After that, sales presents a simple breakdown of quarterly deals that have been closed, deals they are so confident in they can commit they will close, and upside deals. The sales leader also needs to take a stab at an end-of-year outlook regardless of what the current quarter is.
The CFO follows sales, and — instead of presenting what the numbers are — presents two slides discussing what the numbers mean, and what the causes for concern are. The CEO closes out the agenda by covering the company’s strategic initiatives and progress made on those fronts. The CEO needs to tell the board “what keeps me up at night” about the company.

  • Market overview
  • Product roadmap
  • Sales recap & forecast
  • CFO presentation
  • CEO presentation

“If you go through all of those things in a management meeting,” Conroy says, take time afterward to fine tune them, and then have “the exact same people give the exact same reports” at the board meeting, you’re setting yourself up for an efficient discussion with the board.

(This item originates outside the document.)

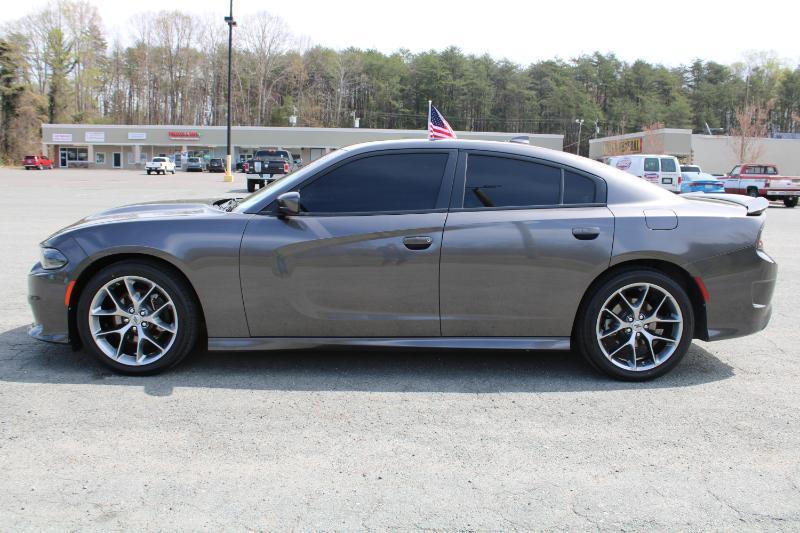 Dodge Charger GT 2022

Between the control book and the management meeting, you create “a lot of extra time for people to be focused externally as opposed to internally.” In board meetings, most of the discussion is around the numbers, and Conroy sees that as the main reason why they get bogged down. But the monthly control book gives “the directors plenty of time to make calls to the CFO” to inquire about numbers, leaving board meetings for what the CEO should really be focused on: strategy.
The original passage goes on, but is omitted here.